Problem set
This is somewhat a generalization of the famous partition of integer n into k parts.
Given two integers a,b I need to find the number of partitions into k distinct parts that sum up to (a,b). E.g if (a,b)=(4,6) and k=2 we have q(a,b,k)=7 since the following are partitions:
((1, 1) + (3, 5))((1, 2) + (3, 4))((1, 3) + (3, 3))((1, 4) + (3, 2))((1, 5) + (3, 1))((2, 1) + (2, 5))((2, 2) + (2, 4))
Notice that partition ((2, 3) + (2, 3)) is not taken into account since the parts are the same and each partition is counted once (meaning ((2, 2) + (2, 4)) and ((2, 4) + (2, 2)) are one and the same partition.
My solution
class Partition_2D_K_PARTS:
def __init__(self, a, b, k) -> None:
self.q_a_b_k = 0 # counts q(a,b,k)
self.stack_partition = collections.deque() # represent a partition
self.calculate_partitions_for_single(a, b, k)
def calculate_partitions_for_single(self, c, d, k):
if (k==1):
if (c==0 or d==0):
return
last_part = (c,d)
second_to_last_part = (1, 0) if not self.stack_partition else self.stack_partition[-1]
if (second_to_last_part < last_part):
self.q_a_b_k += 1
return
else:
return
second_to_last_part = (1, 0) if not self.stack_partition else self.stack_partition[-1]
for j in range(second_to_last_part[1] + 1, d+1):
i = second_to_last_part[0]
self.stack_partition.append((i, j))
self.calculate_partitions_for_single(c-i, d-j, k-1)
self.stack_partition.pop()
for i in range(second_to_last_part[0] + 1, c+1):
for j in range(1, d+1):
self.stack_partition.append((i, j))
self.calculate_partitions_for_single(c-i, d-j, k-1)

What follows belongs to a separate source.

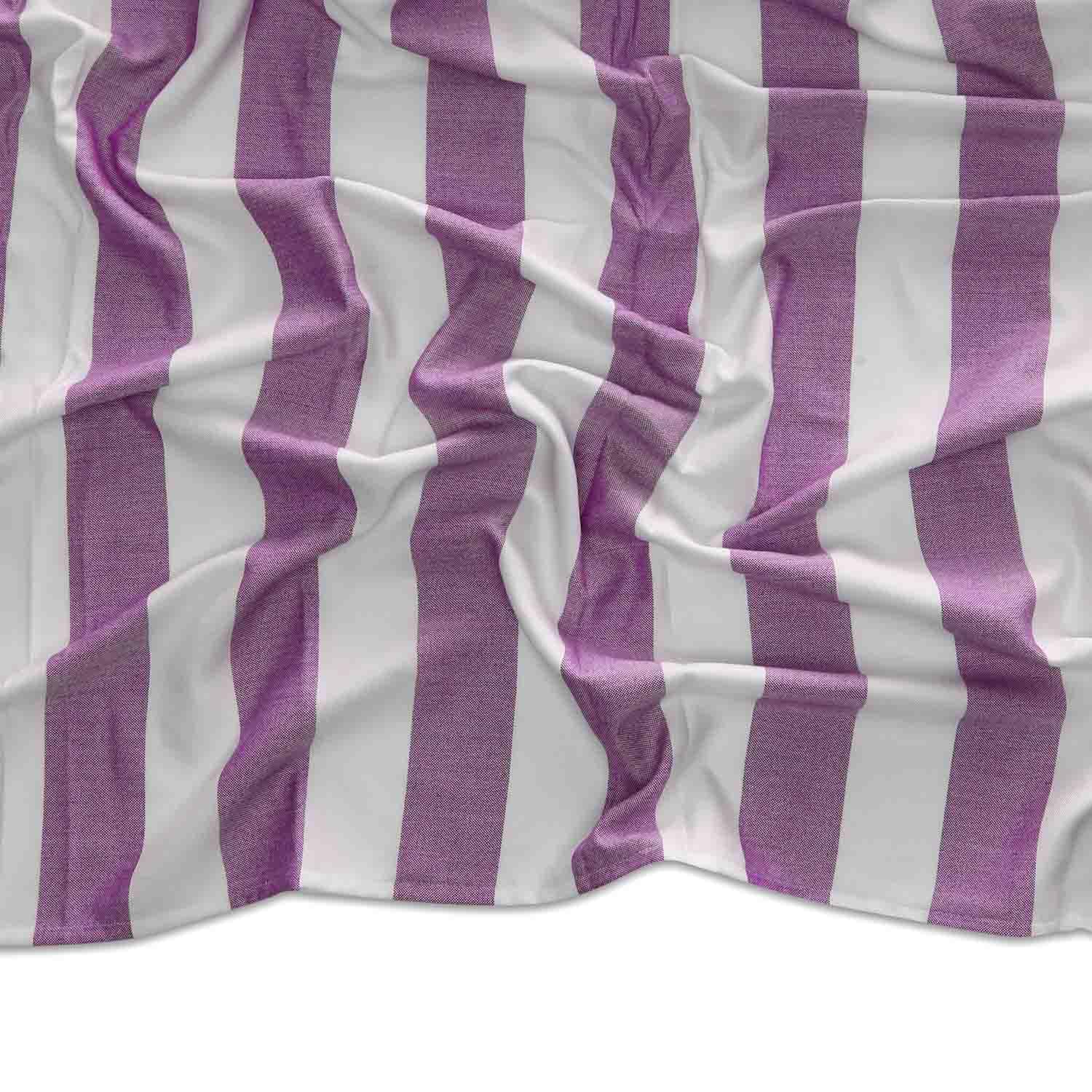 Haber 100% Bamboo Large Bath Towel 240 Gsm | Ultra Soft, Light Weight & Quick Dry Bath Towel For Travel, Gym, Beach, Pool & Yoga (Amethyst)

self.stack_partition.pop()
My question is ...
As you can see my solution is using recursion (which is not very effective). I want to improve the runtime (convert it to iterative solution or something else.) but I don't quite sure how. Also, I don't want to use too much space since I want to use the function on very large numbers. I would like your help and thoughts on this problem.